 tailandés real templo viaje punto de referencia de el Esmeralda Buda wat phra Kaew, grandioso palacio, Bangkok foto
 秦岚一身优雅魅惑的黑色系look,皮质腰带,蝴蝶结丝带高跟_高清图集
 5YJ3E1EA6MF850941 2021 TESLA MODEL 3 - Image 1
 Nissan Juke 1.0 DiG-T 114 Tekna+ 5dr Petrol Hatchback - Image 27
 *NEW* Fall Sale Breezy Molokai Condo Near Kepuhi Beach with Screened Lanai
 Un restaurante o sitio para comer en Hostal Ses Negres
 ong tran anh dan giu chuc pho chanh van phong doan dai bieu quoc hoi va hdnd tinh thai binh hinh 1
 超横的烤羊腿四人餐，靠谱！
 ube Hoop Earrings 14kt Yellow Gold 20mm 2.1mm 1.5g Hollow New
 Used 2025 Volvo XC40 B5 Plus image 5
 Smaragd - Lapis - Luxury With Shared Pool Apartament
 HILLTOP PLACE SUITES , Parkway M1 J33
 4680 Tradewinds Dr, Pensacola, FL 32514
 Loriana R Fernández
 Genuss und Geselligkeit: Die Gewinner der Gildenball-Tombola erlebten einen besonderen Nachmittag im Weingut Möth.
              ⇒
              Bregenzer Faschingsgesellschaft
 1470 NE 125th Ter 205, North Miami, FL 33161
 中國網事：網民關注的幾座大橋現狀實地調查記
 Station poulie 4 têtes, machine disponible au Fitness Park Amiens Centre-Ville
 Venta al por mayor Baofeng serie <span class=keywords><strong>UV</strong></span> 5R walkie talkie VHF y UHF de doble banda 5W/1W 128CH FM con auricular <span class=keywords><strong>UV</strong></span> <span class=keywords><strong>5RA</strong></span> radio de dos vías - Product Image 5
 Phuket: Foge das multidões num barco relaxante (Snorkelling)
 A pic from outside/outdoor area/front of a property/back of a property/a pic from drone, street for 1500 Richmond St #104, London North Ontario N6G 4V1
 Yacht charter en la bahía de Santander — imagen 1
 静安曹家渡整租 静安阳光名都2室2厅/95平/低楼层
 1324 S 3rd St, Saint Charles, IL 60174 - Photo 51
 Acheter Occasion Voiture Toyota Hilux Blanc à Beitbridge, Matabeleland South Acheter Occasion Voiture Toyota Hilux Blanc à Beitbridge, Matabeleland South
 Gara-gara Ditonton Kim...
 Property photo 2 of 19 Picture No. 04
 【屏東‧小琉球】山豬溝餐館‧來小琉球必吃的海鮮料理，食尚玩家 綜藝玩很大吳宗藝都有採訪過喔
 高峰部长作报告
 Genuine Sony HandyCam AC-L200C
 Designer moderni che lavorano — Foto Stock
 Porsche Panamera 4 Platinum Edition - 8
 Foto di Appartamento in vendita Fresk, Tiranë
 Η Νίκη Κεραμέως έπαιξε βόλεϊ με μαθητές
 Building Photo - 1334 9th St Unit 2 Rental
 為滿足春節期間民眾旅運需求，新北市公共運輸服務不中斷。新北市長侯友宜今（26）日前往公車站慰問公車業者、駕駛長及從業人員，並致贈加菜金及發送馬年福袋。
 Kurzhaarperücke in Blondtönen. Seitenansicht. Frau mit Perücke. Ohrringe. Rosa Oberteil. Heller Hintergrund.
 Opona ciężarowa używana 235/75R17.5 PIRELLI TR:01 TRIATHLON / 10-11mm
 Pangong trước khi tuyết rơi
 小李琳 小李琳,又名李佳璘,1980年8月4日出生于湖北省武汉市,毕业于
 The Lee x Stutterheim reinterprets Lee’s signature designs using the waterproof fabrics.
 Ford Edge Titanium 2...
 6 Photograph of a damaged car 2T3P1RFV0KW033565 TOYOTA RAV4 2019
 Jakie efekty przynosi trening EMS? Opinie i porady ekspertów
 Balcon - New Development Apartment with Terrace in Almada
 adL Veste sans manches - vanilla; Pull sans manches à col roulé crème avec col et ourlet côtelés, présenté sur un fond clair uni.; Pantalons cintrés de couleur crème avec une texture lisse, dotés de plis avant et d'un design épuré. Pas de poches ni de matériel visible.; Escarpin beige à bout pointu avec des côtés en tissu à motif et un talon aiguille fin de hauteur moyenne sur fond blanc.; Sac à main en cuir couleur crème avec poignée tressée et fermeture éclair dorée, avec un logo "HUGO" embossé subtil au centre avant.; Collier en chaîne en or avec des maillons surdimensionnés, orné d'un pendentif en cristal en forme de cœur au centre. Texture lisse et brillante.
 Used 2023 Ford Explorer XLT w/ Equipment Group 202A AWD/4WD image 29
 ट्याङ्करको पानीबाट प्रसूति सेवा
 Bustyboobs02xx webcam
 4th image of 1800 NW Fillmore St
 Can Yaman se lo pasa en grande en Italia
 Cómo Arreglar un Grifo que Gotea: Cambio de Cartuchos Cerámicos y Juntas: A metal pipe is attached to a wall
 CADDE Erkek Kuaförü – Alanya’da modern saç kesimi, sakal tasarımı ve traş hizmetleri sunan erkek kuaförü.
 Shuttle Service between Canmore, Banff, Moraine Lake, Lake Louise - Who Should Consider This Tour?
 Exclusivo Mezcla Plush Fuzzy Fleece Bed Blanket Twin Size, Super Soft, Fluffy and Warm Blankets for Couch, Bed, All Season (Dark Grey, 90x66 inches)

-*-*-

### WHAT TO WORK ON
Pull out every line above that holds the word "Used".

### SOLVED EXERCISE
 Used 2025 Volvo XC40 B5 Plus image 5
 Used 2023 Ford Explorer XLT w/ Equipment Group 202A AWD/4WD image 29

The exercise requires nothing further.